18 May 2012
For the country to overcome inequality, South Africans must reach consensus on both workers’ wages and executive pay rates, and speeding up the creation of new jobs, says Economic Development Minister Ebrahim Patel.
Speaking at the Next Economy National Dialogue on income inequality in Parliament, Cape Town on Thursday, Patel singled out figures in the 2010 household survey that revealed that the top 10% of earners in South Africa took home salaries that were 101 times higher than the bottom 10% of earners.
“When what one person takes away is so disproportionally larger than what another takes away, the social glue that holds society together weakens,” he said, adding that income inequality also suppressed the market, as fewer people were able to buy goods and services.
Effective partnerships needed
What was needed were more effective partnerships between all sections of society.
“If partnership can do what it did to the Japanese economy after the end of the Second World War, or the German economy, or to a number of other successful economies, partnership needs a sense of being in something together,” Patel said.
He highlighted the progress that Brazil had made in overcoming inequality since the mid-1990s, even though, between 2000 and 2008, Brazil and South Africa had grown at nearly the same rate – Brazil at 3.5%, South Africa at 3.6%.
The government was addressing inequality largely through social grants, the country’s regressive tax system, and free or subsidised basic services.
New job opportunities key
However, this wasn’t enough, Patel said, adding that the government alone would never be able to overcome inequality in South Africa.
“We have got to build, to a greater and greater extent, opportunities for employment, for jobs, for decent work, as the principle means out of poverty.”
While over 300 000 new jobs had been added over the last 12 months, just over 400 000 new jobs had been added since the adoption of the New Growth Path 18 months ago – compared to the previous 18 months preceding the adoption of the new policy, when the country lost over 600 000 jobs.
“But not withstanding that jobs growth, we are hardly making a dent in jobs growth, we are hardly making a dent in unemployment levels,” Patel said.
CEOs must disclose pay packages: Vavi
Also addressing the debate in Parliament, Congress of South African Trade Unions (Cosatu) secretary-general Zwelinzima Vavi said that at a youth wage subsidy – an idea first mooted by the National Treasury – would only address unemployment in the short term.
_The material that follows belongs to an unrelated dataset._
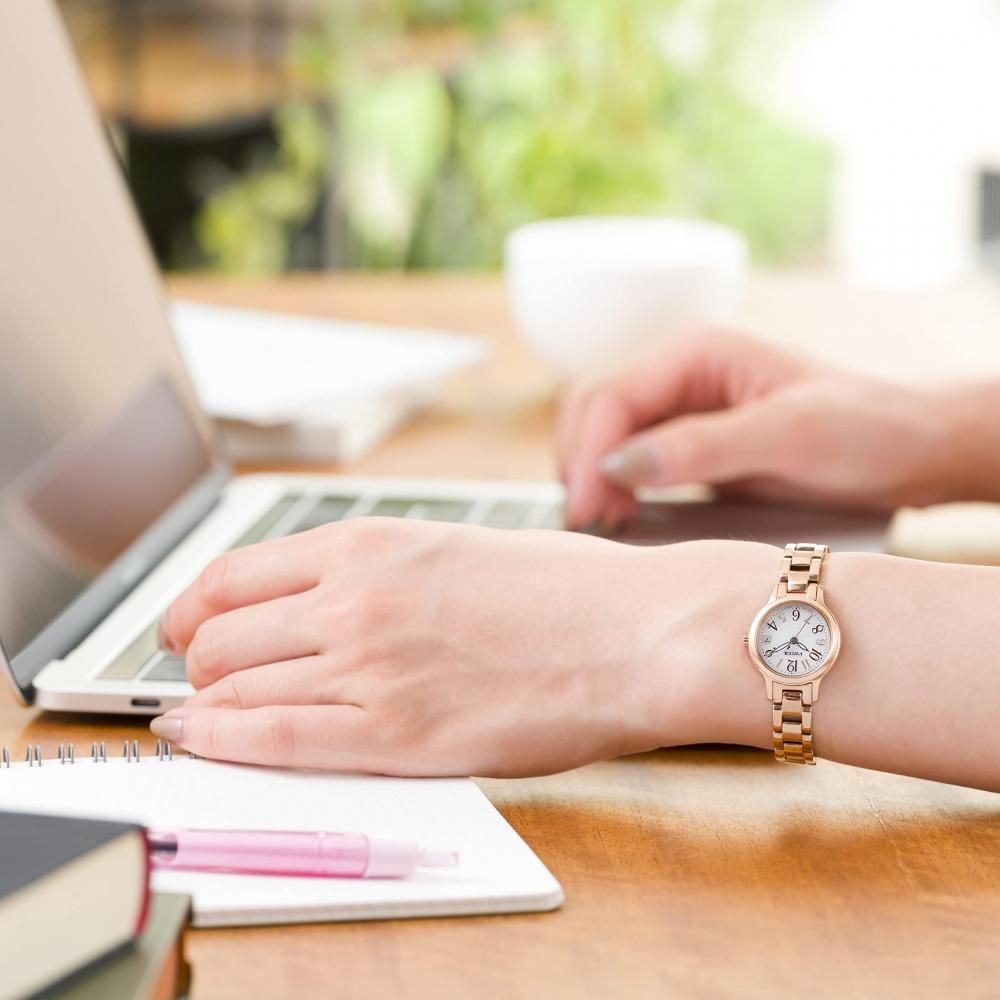 [Citizen] Wicca KH4-963-13 женские часы из розового золота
Vavi acknowledged that unemployment was the biggest problem the country faced, but said that at the same time, one couldn’t look away from the issue of high pay, adding that the country needed a mechanism to get chief executives to disclose the level of their pay packages.
He agreed with the 2011 report and findings of the UK High Pay Commission, that shareholders should be given more power to vote on the pay packages and bonuses of top executives.
He said top South African executives wanted to measure their packages with those of other developed countries, while at the same time arguing that workers had to be paid on par with other developing countries.
Vavi pointed out that top executives in South Africa earned 1 728 times the average worker in their respective companies, while this gap was only at 319 times in the US.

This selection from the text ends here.